Yousaf plans to halve the time taken for onshore wind projects to gain consent. And a ban on single-use vapes, which are especially popular among children, will be examined. 

But on education, there was nothing new. On the NHS, there was a promise to cut waiting times but no indication of how that might be achieved, and no hint of the long-term reforms that are so badly needed. Long-term rent controls were promised, despite evidence that what was introduced as a temporary measure is seriously damaging the rental market. Did the ambition of the programme really live up to the scale of the battles we face?

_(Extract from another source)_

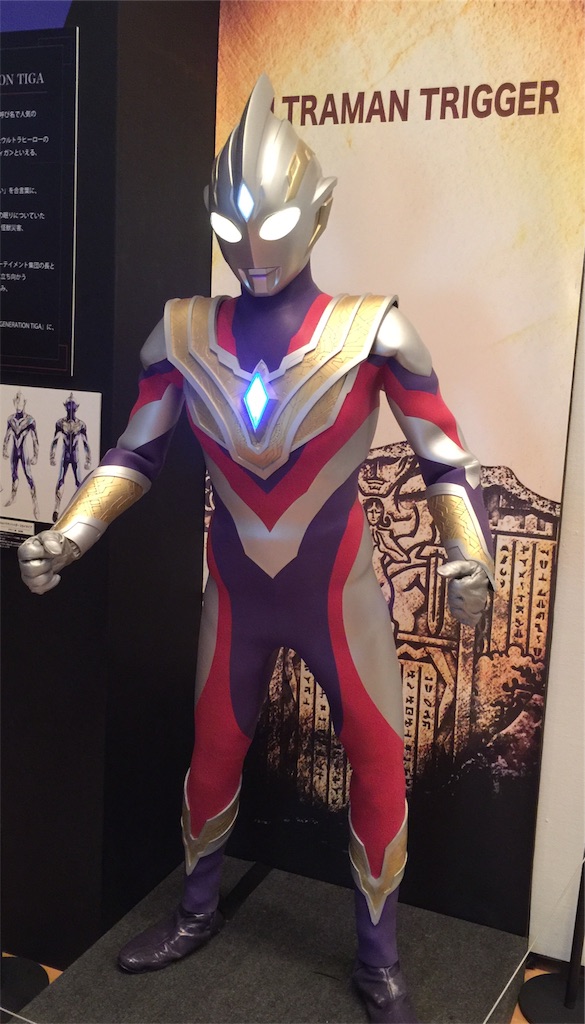 f:id:darucoro9216kun:20210813210342j:image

Intriguingly, though the First Minister talked a great deal about reducing inequality for women and disabled people, there was no mention of the battle over trans rights that caused so much trouble for Sturgeon, or any indication that his government would return to the issue in the coming year. And on the constitution there was pleasingly no empty promise of an independence referendum next week or next month or next year.

But even where Yousaf has promised action, such has been the poor delivery record of the government, especially in recent years, that there must be doubts it will follow through. And there was, undeniably, an awful lot of hand-waving mañana in the statement.

With the SNP falling in the polls and in all sorts of bother, the electorate is waiting for Yousaf to prove he has the right stuff to be a national leader. They are looking, in the main, for signs of cutting edge and intellectual heft. After this anaemic, underwhelming Programme for Government, most will still be looking.